[BLUES PUNK] Once you've heard Monica Nelson's voice, you'll recognize it anywhere. Which is remarkable because there's no gimmick—no affected accent, no Biafra-esque vibrato. It's just completely unguarded and volatile: smooth and jazzy one moment, soaring another, screeching the next.
After a decade-long hiatus, Nelson returned to the Portland music scene a couple of years ago with a project called Generation. But this MusicfestNW appearance marks only the second show in nearly 20 years from the Obituaries, Nelson's recently reunited first band. And all four current players were members during the band's '80s heyday, including guitarist Rob Landoll—whose warm, slightly metal-influenced style is the perfect complement to Nelson's voice. It sounds like the missing link between the Wipers and grunge (and, fittingly, Soundgarden and Nirvana both once opened for the Obituaries).

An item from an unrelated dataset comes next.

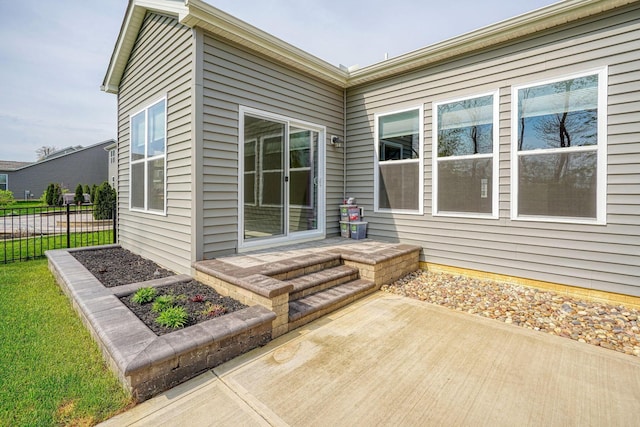 6332 Celeste St, Westerville, OH 43081 - wooden terrace with fence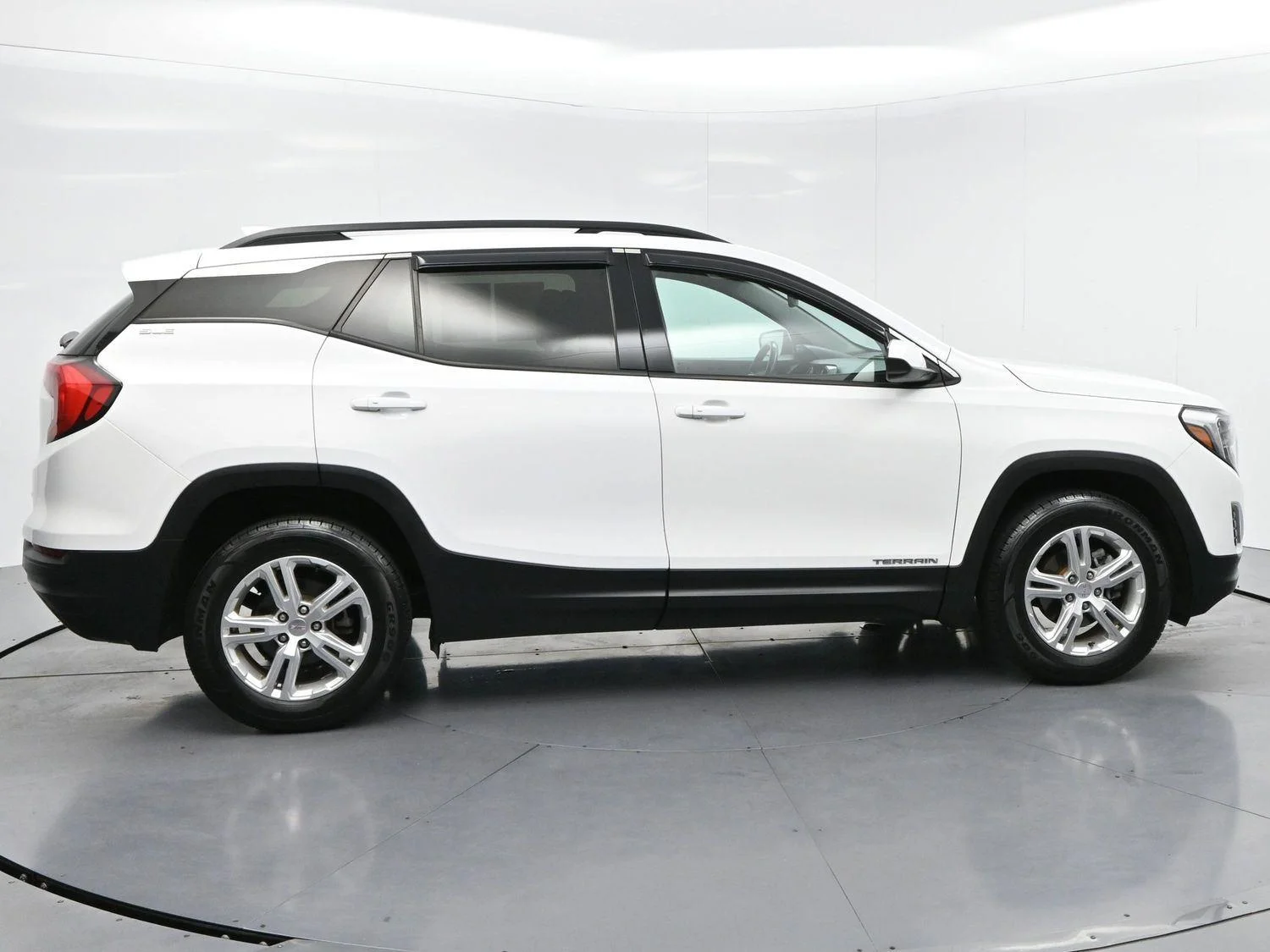 Used 2020 Summit White GMC SLE image 8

The Obits' now-classic blues-punk songs always combined simple with smart, but their lyrical genius is even more clear in retrospect. It's hard for any songwriter—let alone a 17-year-old—to craft a tasteful, gripping verse about suicide, but Nelson's classic verses on such topics stand strong today, and they're still held close to the hearts of the group's fans. But no one's happier about the Obituaries' return than the band members themselves: "One of the frustrating things was that we didn't release a lot of our best stuff," says Landoll, who can't wait to play it all over again.